- RECORDS FOR PROCESSING

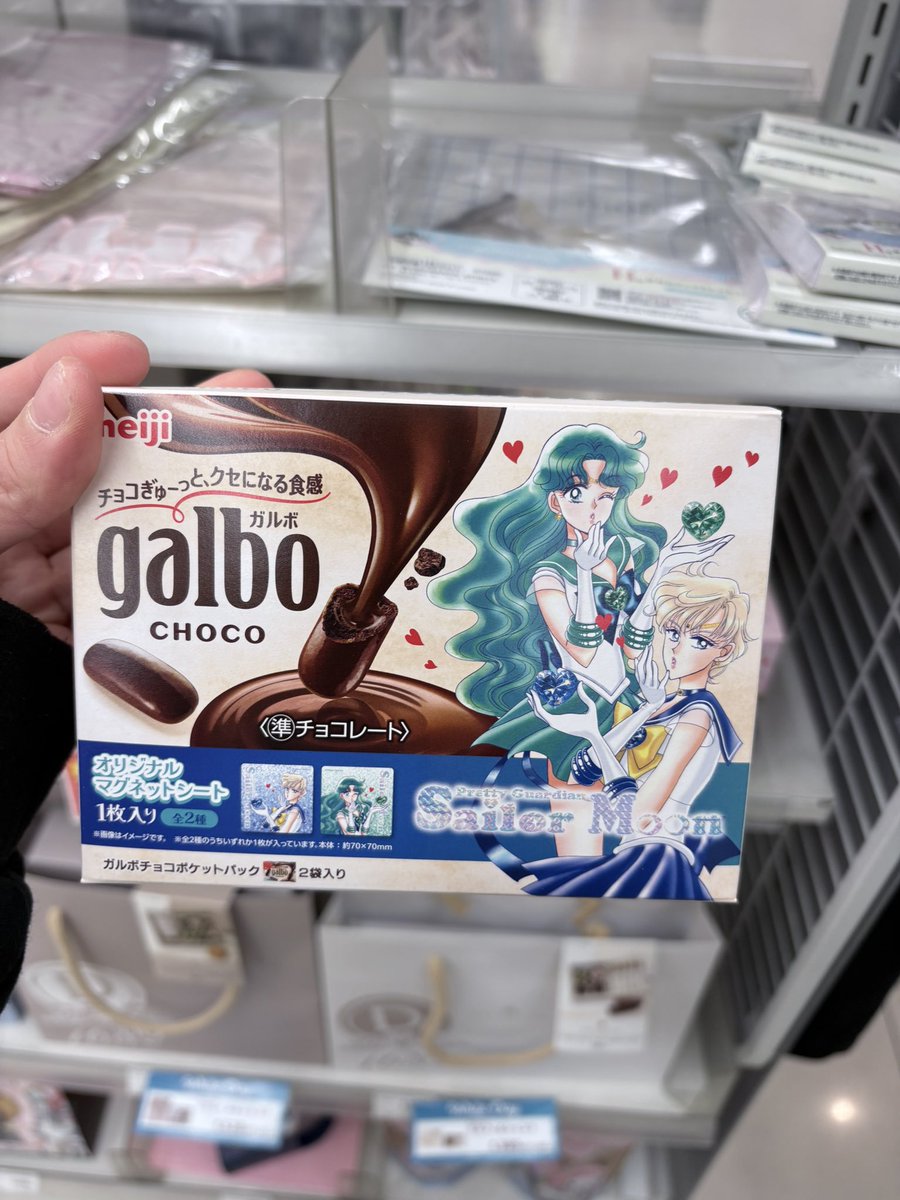 Yuri at the convenience store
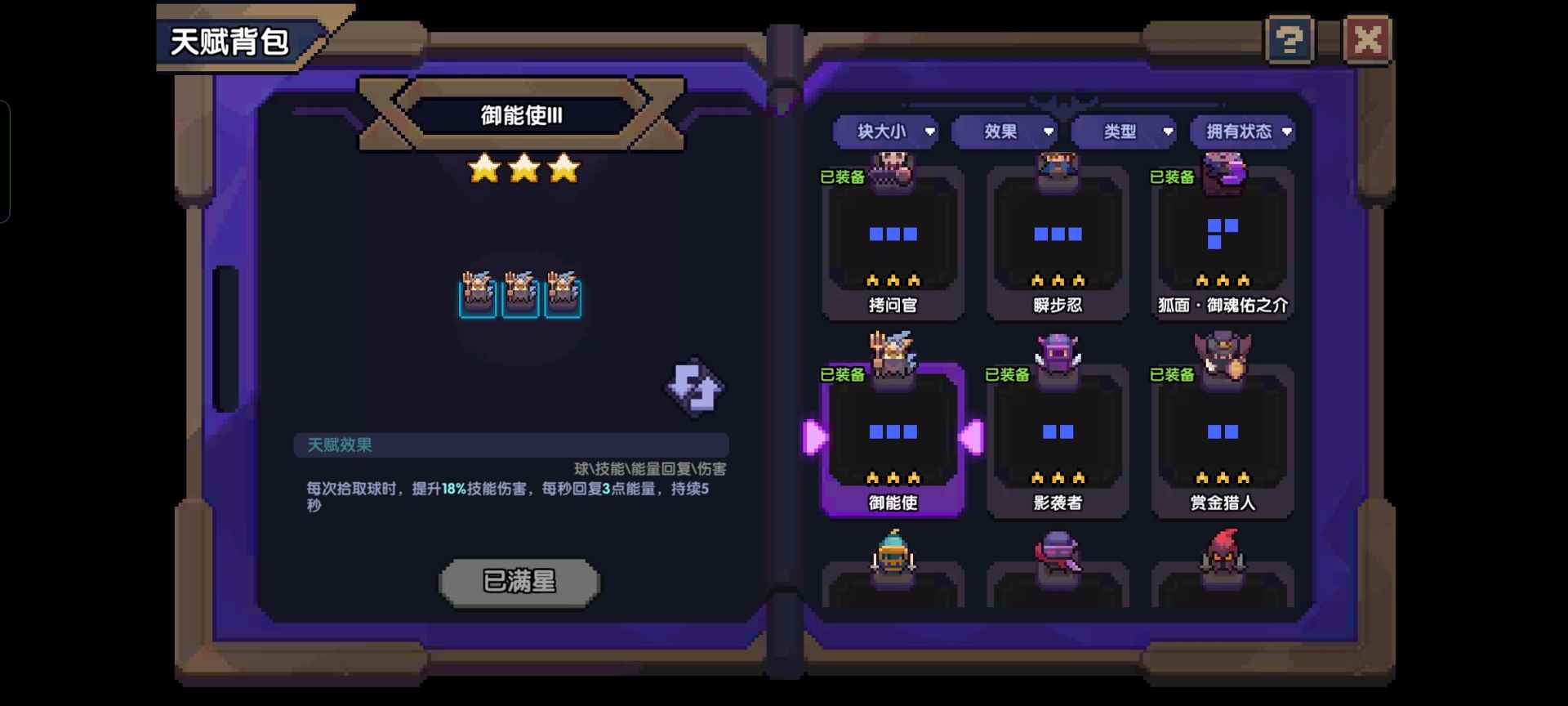 我的勇者【我的勇者】【忍者养成计划】新手向忍者攻略 天赋篇(图8)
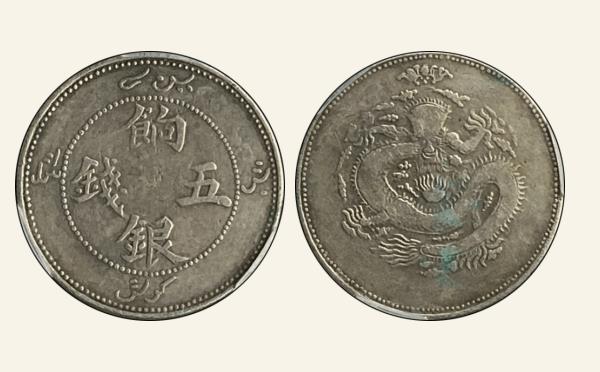 清代新疆饷银五钱正回文单蝠实物图片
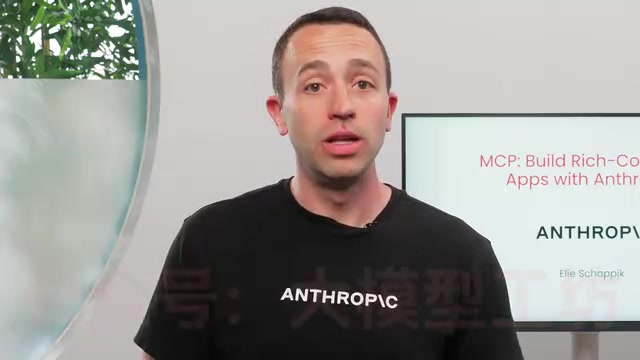 连接多个MCP服务器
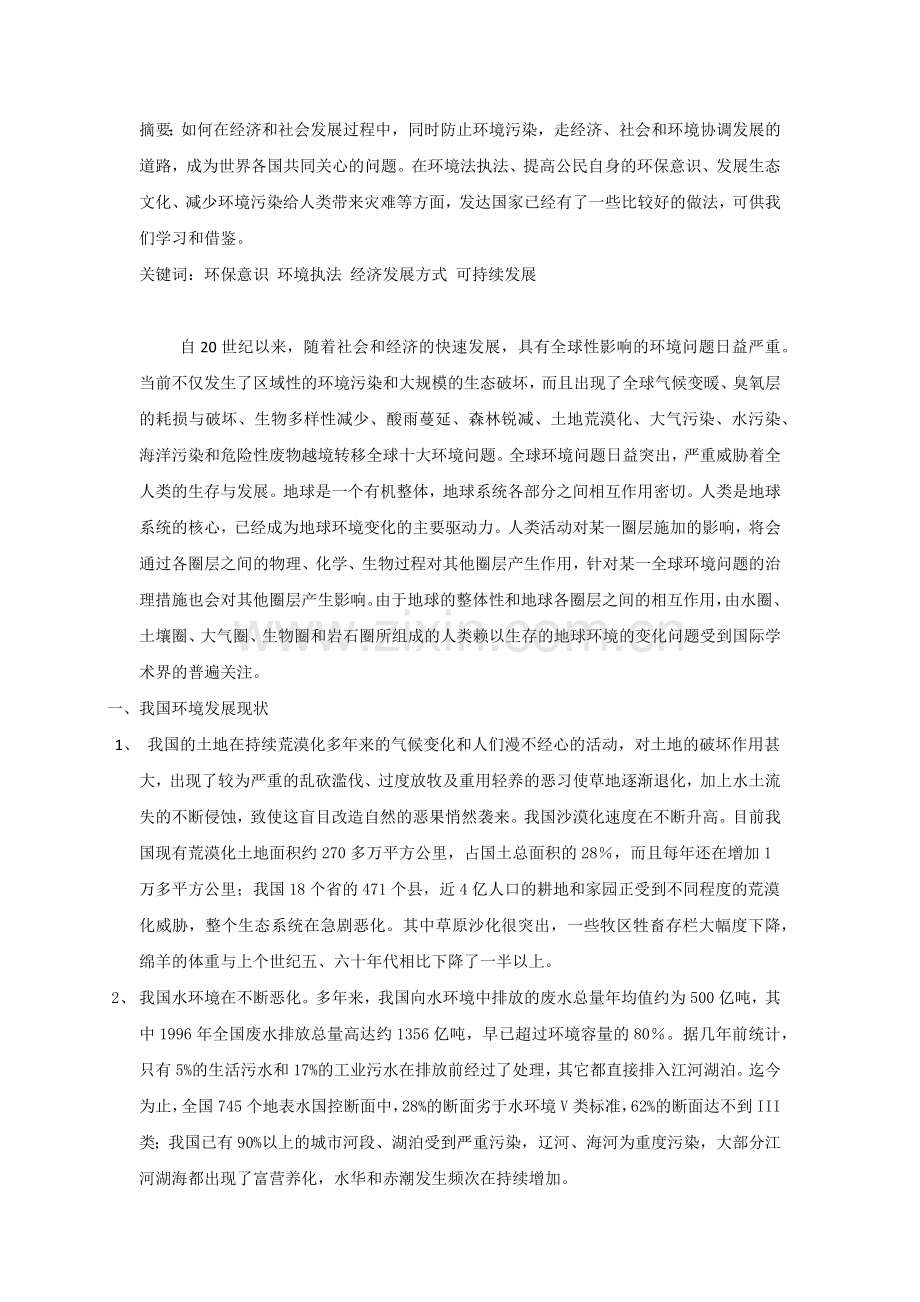 国外环境保护的做法及经验启示.doc_第2页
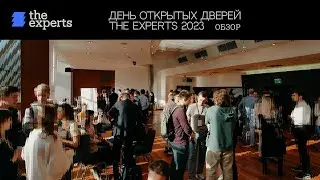 The Experts: День открытых дверей 2023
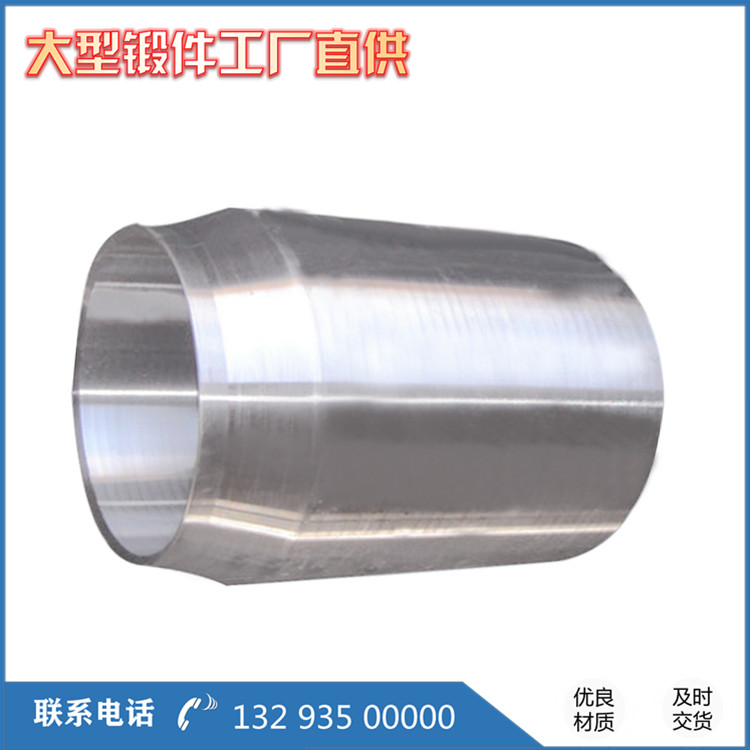 罐吹塑機(jī)鍛件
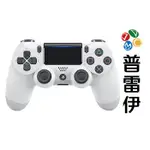 【PS4】DUALSHOCK 4 無線控制器 原廠無線手把《白色》【普雷伊】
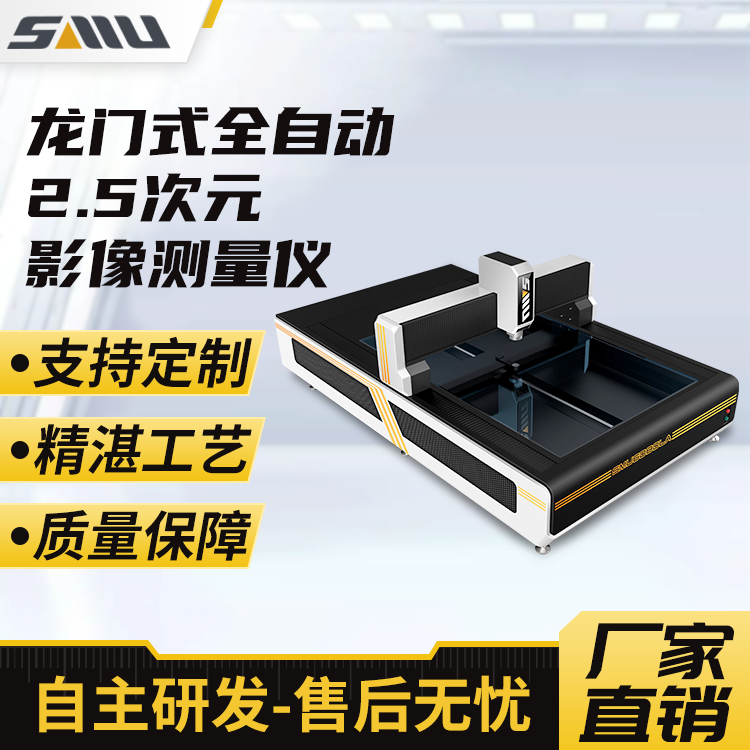 诚立龙门型影像测量仪SMU-6080LA 平面轮廓尺寸形位检测仪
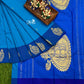 Arani pattu rich pallu work soft silky saree - Vannamayil Fashions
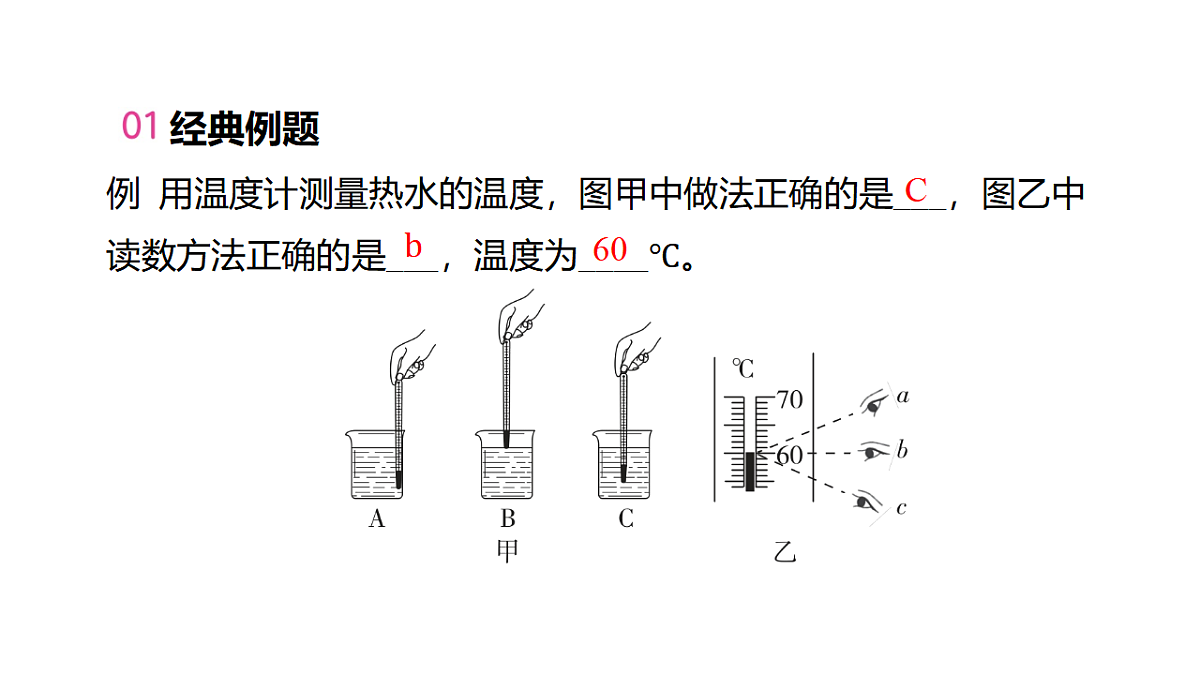 17617097第4页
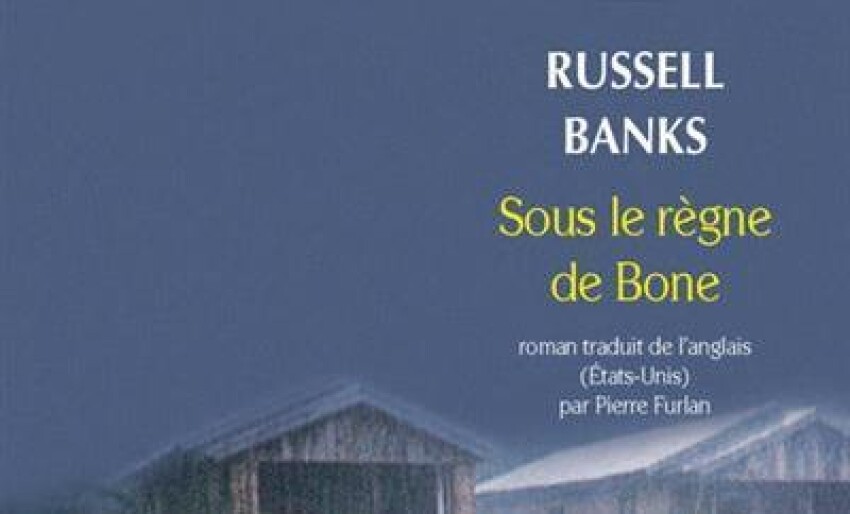 Russell Banks dans la Grosse Boule (1995)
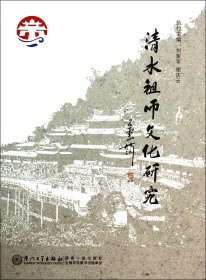 清水祖师文化研究 9787561549087 刘家军 厦门大学出版社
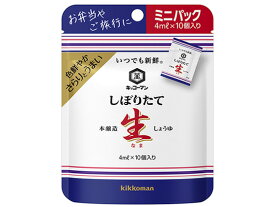 キッコーマン いつでも新鮮しぼりたて生しょうゆミニパック 醤油 調味料 食材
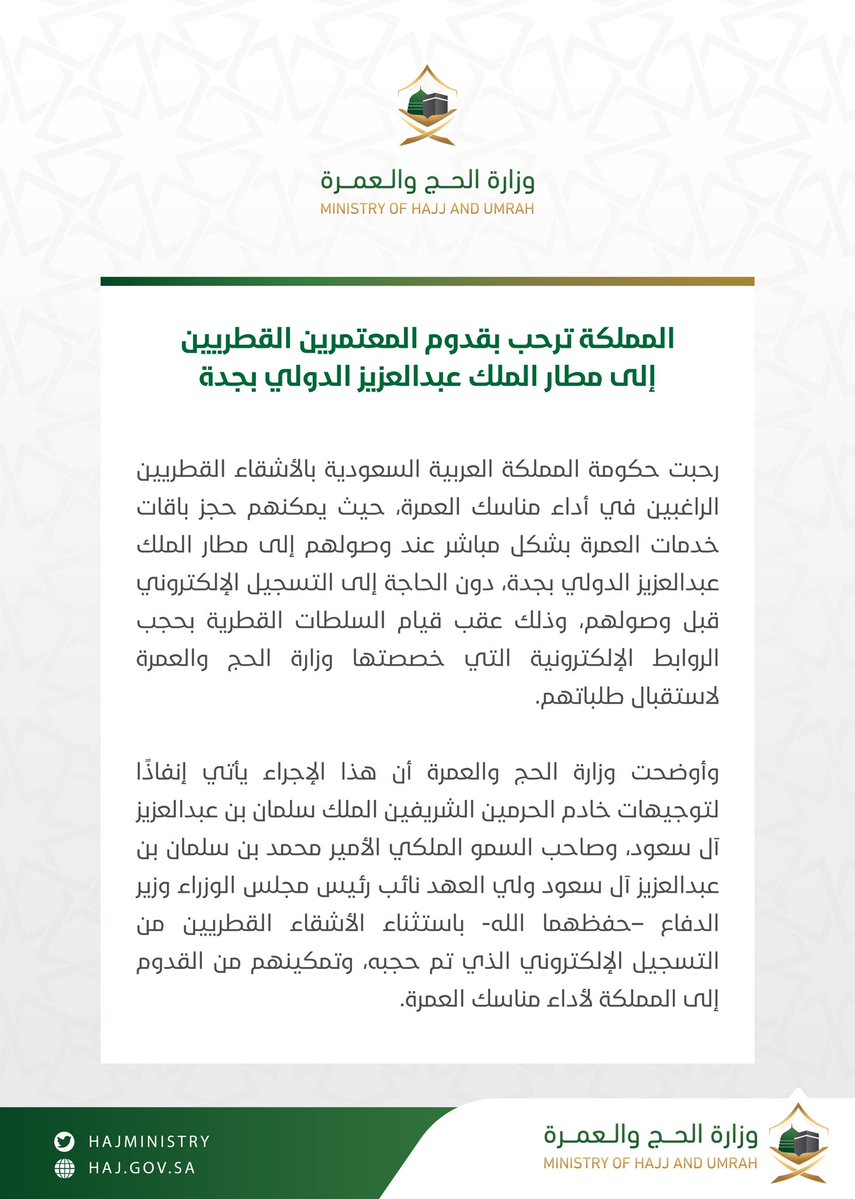 بيان وزارة الحج والعمرة السعودية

- WHAT TO PRODUCE
Beginning with the line that holds "清水祖师文化研究 9787561549087 刘家军 厦门大学出版社", return each line through the end of the records above exactly. Do not include pictures.

- YOUR SOLUTION
 清水祖师文化研究 9787561549087 刘家军 厦门大学出版社
 キッコーマン いつでも新鮮しぼりたて生しょうゆミニパック 醤油 調味料 食材
 بيان وزارة الحج والعمرة السعودية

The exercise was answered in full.